From: John Fastabend <john.fastabend@...il.com>
Date: Mon, 05 Mar 2018 11:51:06 -0800

> The sockmap refcnt up until now has been wrapped in the
> sk_callback_lock(). So its not actually needed any locking of its
> own. The counter itself tracks the lifetime of the psock object.
> Sockets in a sockmap have a lifetime that is independent of the
> map they are part of. This is possible because a single socket may
> be in multiple maps. When this happens we can only release the
> psock data associated with the socket when the refcnt reaches
> zero. There are three possible delete sock reference decrement
> paths first through the normal sockmap process, the user deletes
> the socket from the map. Second the map is removed and all sockets
> in the map are removed, delete path is similar to case 1. The third
> case is an asyncronous socket event such as a closing the socket. The
> last case handles removing sockets that are no longer available.
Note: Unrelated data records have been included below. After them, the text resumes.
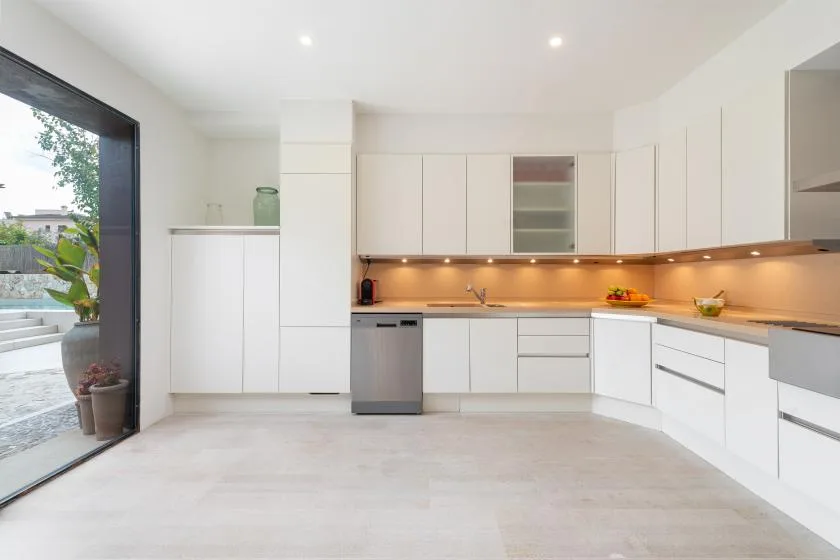 Una cocina moderna y luminosa con gabinetes blancos y una encimera larga.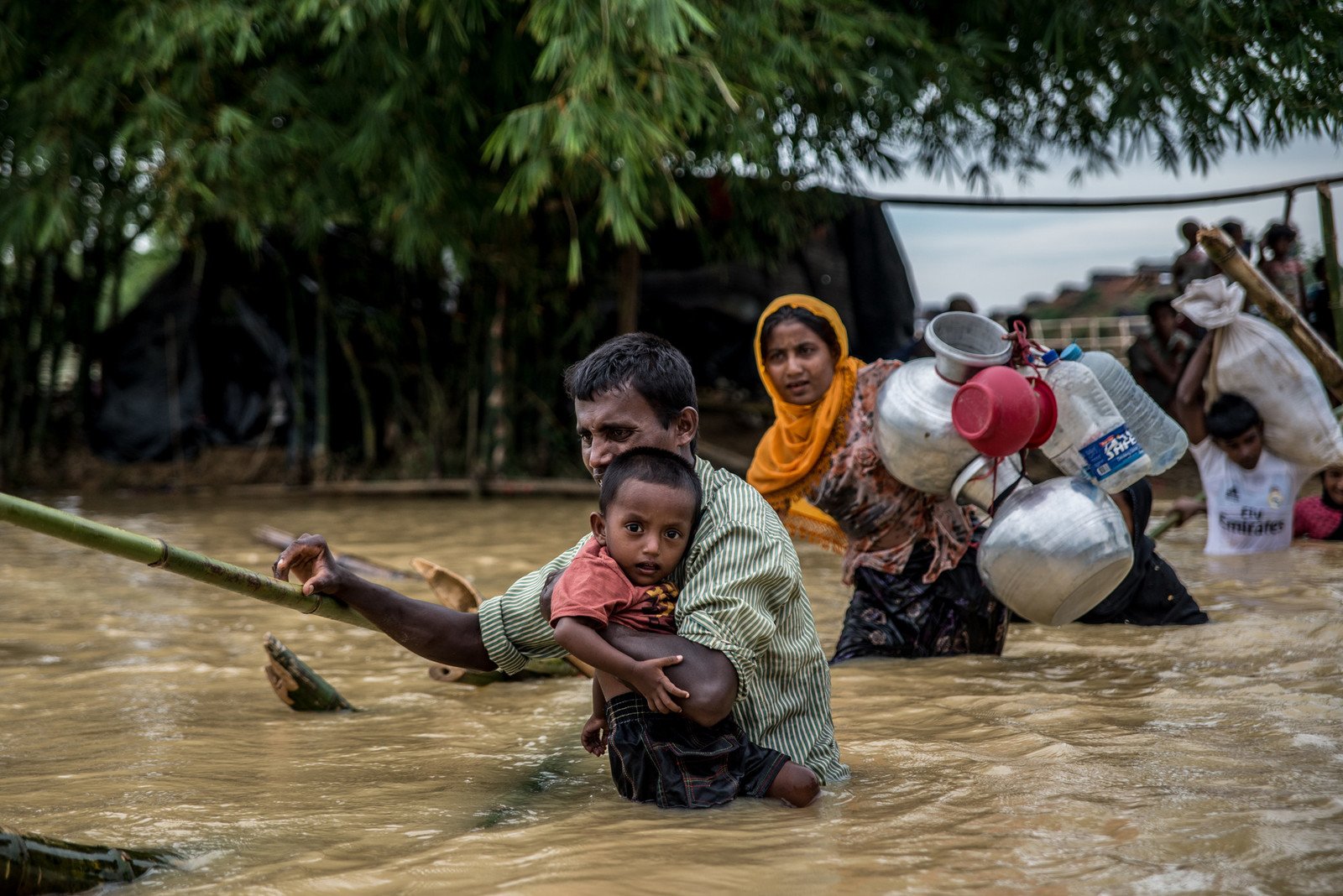 Balakhali难民营位于孟加拉境内，一名抱著儿子的父亲，正利用破烂的竹桥渡过这条位于难民营附近的河流。连续三天的大雨令许多难民临时栖身所出现水浸，迫使他们迁往地势更高的地方。 photo: Aurélie Marrier d'Unienville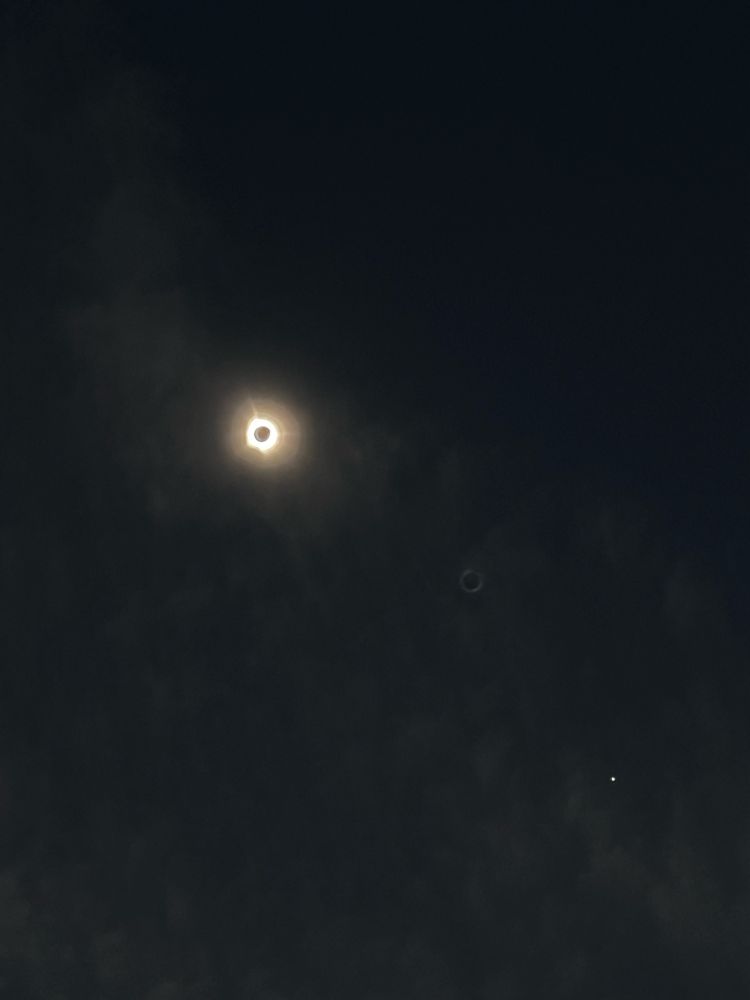 Total solar eclipse a little more zoomed in and darkened. Planet visible to the right. Faint ring of fire lens flare between them.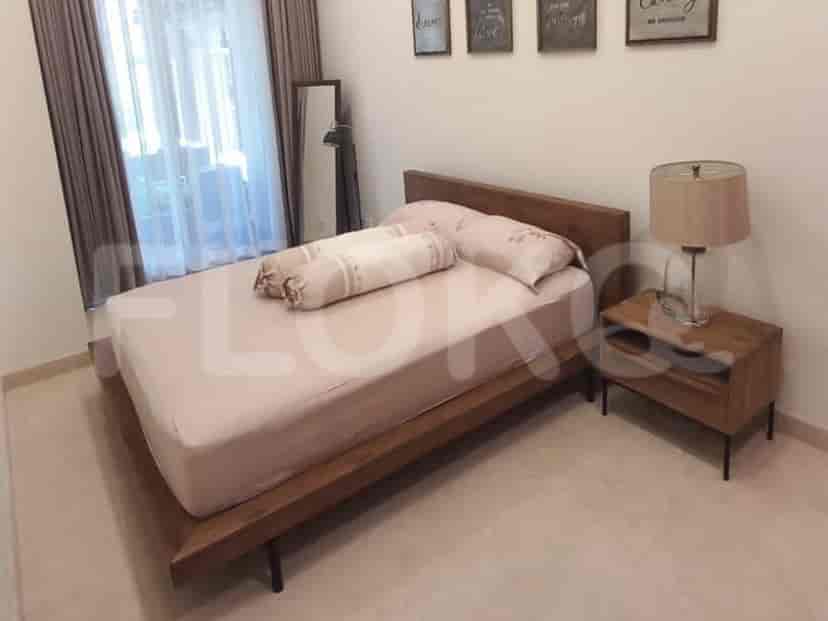 Modern bedroom featuring a wooden bed, lamp, and bedside table.
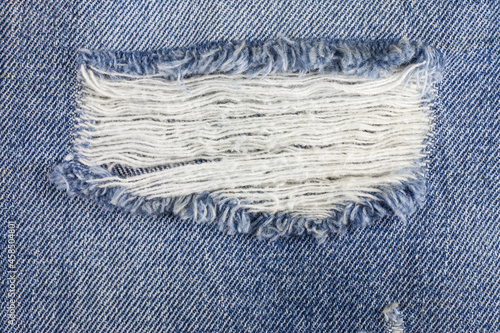 Blue torn denim jeans texture.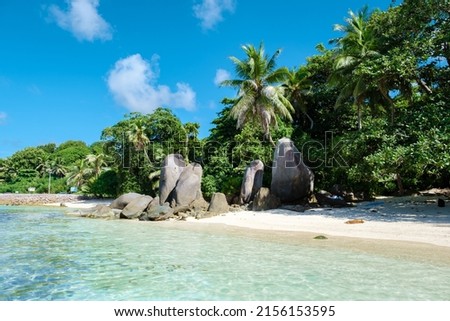 Mahe Seychelles, a tropical beach with palm trees, and a blue ocean at Mahe Seychelles. Anse Royale beach Seychelles Mahe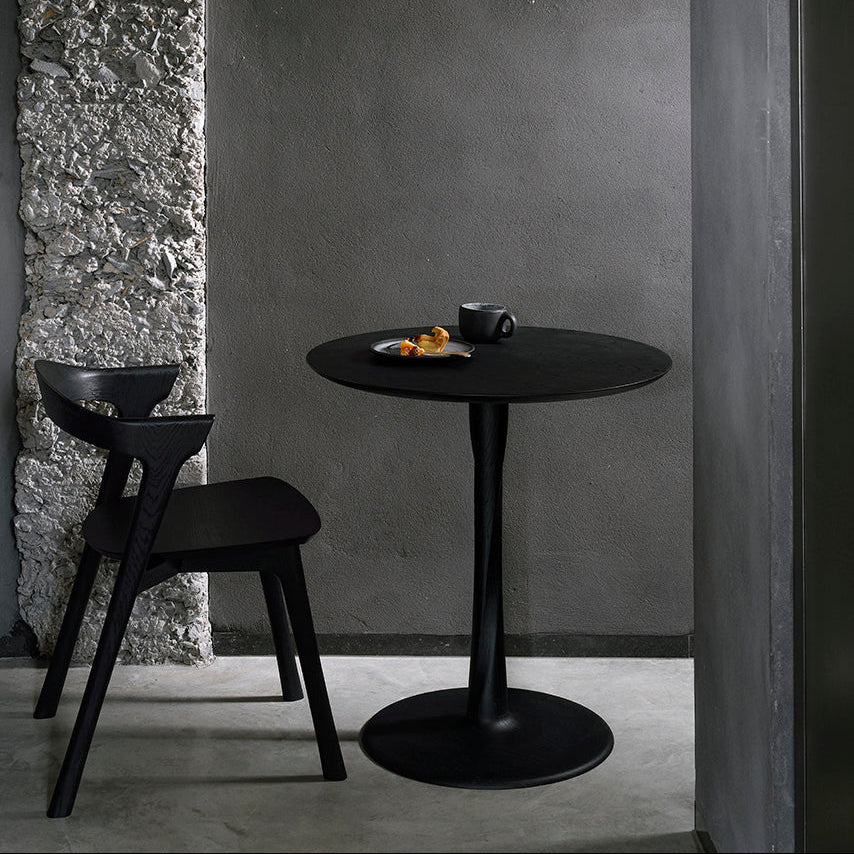 Ethnicraft Torsion Lounge Table in oak styled in a dining room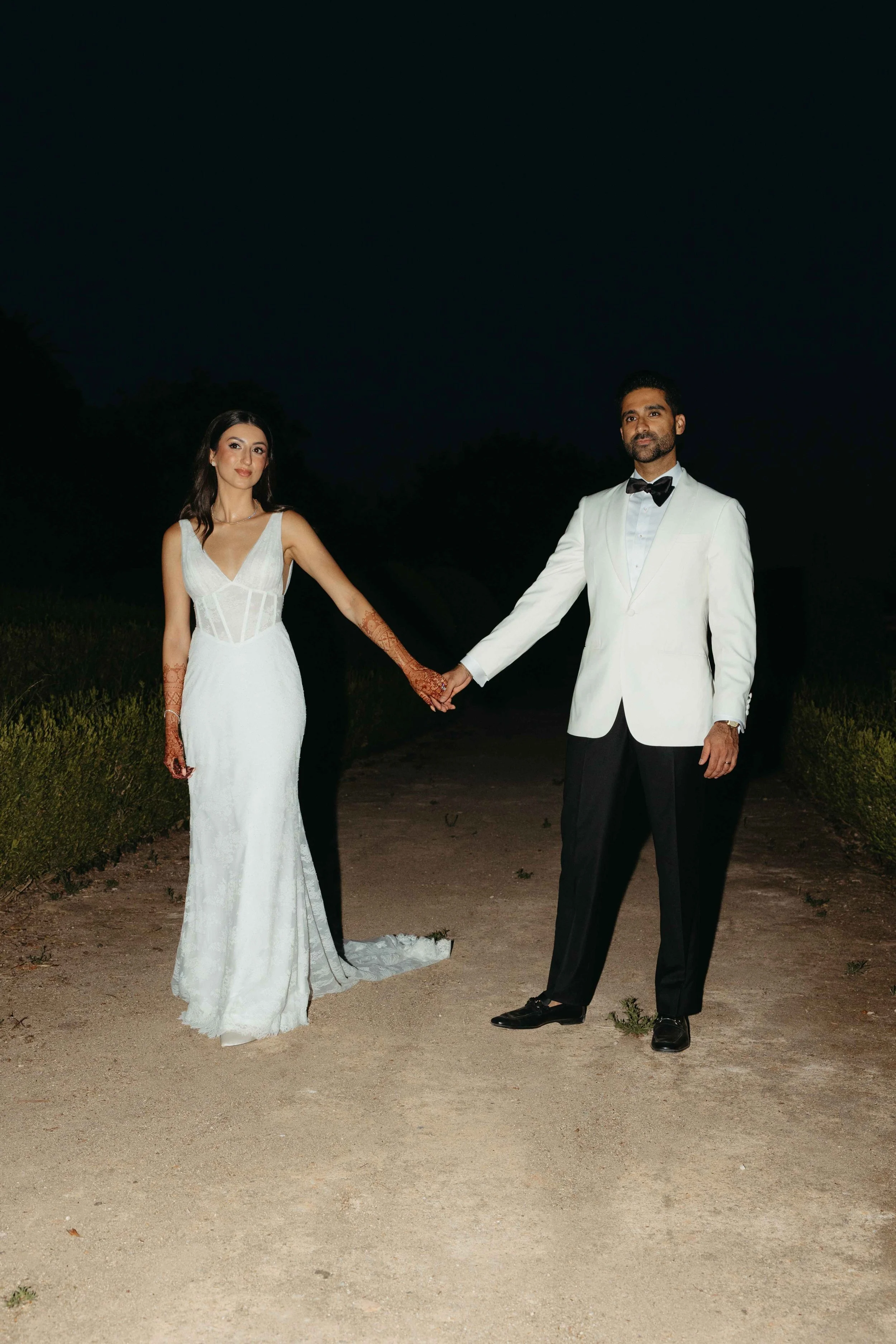 Bride in fitted lace wedding dress with henna arms and groom in white dinner jacket holding hands at night in Marbella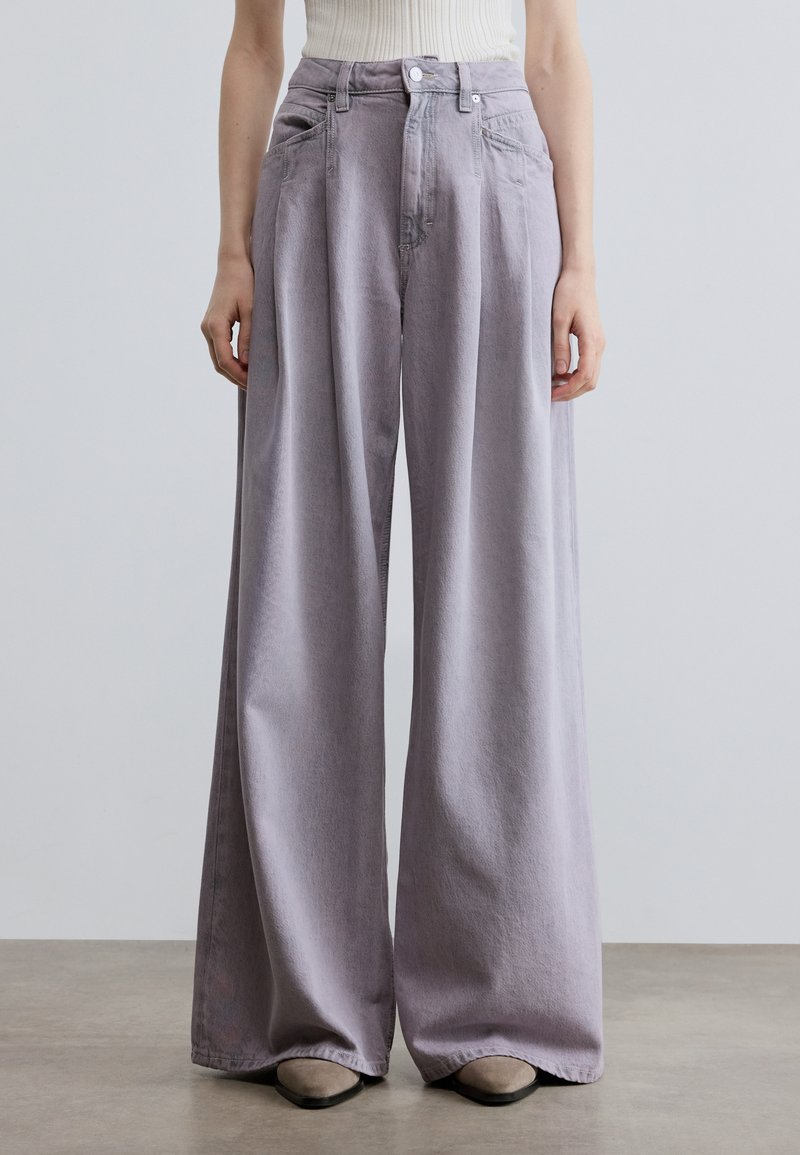 Ανοιχτό μωβ τζιν παντελόνι με φαρδύ πόδι από τζιν ύφασμα, με ψηλή μέση, εμπρόσθιες τσέπες και κούμπωμα με κουμπί. Μαλακή υφή και άνετη εφαρμογή.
> For completeness, although inc does not pose any problems in this
> patch series, the inc case only happens when a psock is added to a
> map.
> 
> Next we plan to add another socket prog type to handle policy and
> monitoring on the TX path. When we do this however we will need to
> keep a reference count open across the sendmsg/sendpage call and
> holding the sk_callback_lock() here (on every send) seems less than
> ideal, also it may sleep in cases where we hit memory pressure.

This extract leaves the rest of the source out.